Absent fusion materializing over the next one to two decades, space-based solar power could be the only firm dispatchable baseload energy source that can take us to Net Zero by 2050. Watch out for public organizations and startups that are pursuing this lofty goal and opportunities to get involved.
Further Reads
Catalyst with Shayle Kann Beaming 24/7 solar… from space
The Wall Street Journal Beaming Solar Energy From Space Gets a Step Closer
The New York Times Looking to Space in the Race to Decarbonize
European Space Agency Frazer Nash and Roland Berger studies
1 A Starship launch conservatively generates 87 kg CO2eq/kg payload. This figure comes from dividing 208,172 MT CO2eq of 24 Starship launches by their 2,400 MT payload for all 24 launches. Assuming a solar cell weighs 1.76kg/m2, this results in 153 kg CO2eq for launch per square meter of solar, a 4-5x increase over NREL’s figure for terrestrial solar. Note that this is a massive oversimplification, and this illustrative calculation alone can be the subject of an academic paper. For example, this does not account for increases due to additional mass (e.g., cell substrate) and decreases due to the fact that Starship’s figures are based on NASA KSC GHG emissions in 2017 before significant decarbonization measures and that a space solar cell would create far fewer emissions due to not requiring a heavy metal structure. Further note that the 40 g CO2eq/kWh benchmark excludes carbon-intensive storage which traditional terrestrial needs to deliver firm energy and SBSP does not require
2 Summer sees higher solar output due to longer days and the sun’s higher position in the sky
3 The range of estimates varies widely based on different proposed approaches to SBSP (e.g., different microwave frequencies or even concentrated laser)

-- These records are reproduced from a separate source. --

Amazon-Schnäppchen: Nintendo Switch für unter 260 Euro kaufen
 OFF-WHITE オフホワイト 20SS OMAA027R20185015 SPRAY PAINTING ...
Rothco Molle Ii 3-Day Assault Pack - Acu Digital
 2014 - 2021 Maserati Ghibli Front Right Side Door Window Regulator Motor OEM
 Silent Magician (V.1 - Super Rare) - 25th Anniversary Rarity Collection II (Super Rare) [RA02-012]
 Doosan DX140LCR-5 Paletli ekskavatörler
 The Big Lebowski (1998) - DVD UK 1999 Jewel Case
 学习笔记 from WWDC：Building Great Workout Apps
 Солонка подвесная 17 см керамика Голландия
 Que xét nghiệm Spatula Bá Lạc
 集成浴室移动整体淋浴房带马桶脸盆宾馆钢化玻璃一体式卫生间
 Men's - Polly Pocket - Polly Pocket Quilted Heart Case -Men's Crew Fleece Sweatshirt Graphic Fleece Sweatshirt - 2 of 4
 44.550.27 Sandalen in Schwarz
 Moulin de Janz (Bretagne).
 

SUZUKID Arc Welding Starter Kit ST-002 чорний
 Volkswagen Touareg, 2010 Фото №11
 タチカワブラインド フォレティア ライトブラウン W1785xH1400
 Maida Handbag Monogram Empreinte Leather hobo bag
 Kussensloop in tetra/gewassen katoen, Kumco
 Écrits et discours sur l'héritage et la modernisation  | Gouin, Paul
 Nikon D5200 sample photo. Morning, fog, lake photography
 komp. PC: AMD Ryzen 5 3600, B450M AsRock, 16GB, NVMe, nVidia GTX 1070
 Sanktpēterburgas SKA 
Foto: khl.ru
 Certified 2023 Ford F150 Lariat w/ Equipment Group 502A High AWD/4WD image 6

4 Solar panels installed cost ~$1/W. Assuming 1,361W/m2 peak solar radiation per unit area and 20% efficiency, it means that a square meter costs ~$270 and assuming 4-5x productivity increase in space leaves a budget of $1,000-1,500/m2
5 The module itself is 30-50% of the installed cost, which is $80-140/m2
6 A square meter of solar module weighs ~2kg. Therefore, the launch would cost $160-280 at a launch cost of $80-160/kg
About the Author
Abdullah Al-Shakarchi is an MBA candidate at Harvard Business School focused on green energy generation and storage startups. Before the MBA, Abdullah worked on early-stage energy and climate technology projects at X (fka. Google X) and was a management consultant at Bain & Company. Abdullah is trained as an electronic engineer and started his career doing hardware design for Formula 1 cars. In his free time, Abdullah enjoys cooking, traveling, sailing and is a private pilot.
The first paragraph feels less like reporting and more like a sales pitch. "Terrestrial solar cannot close the gap alone", I'm not an expert but from the specialized media I read, it really doesn't seem like we need to go to space to get enough renewables.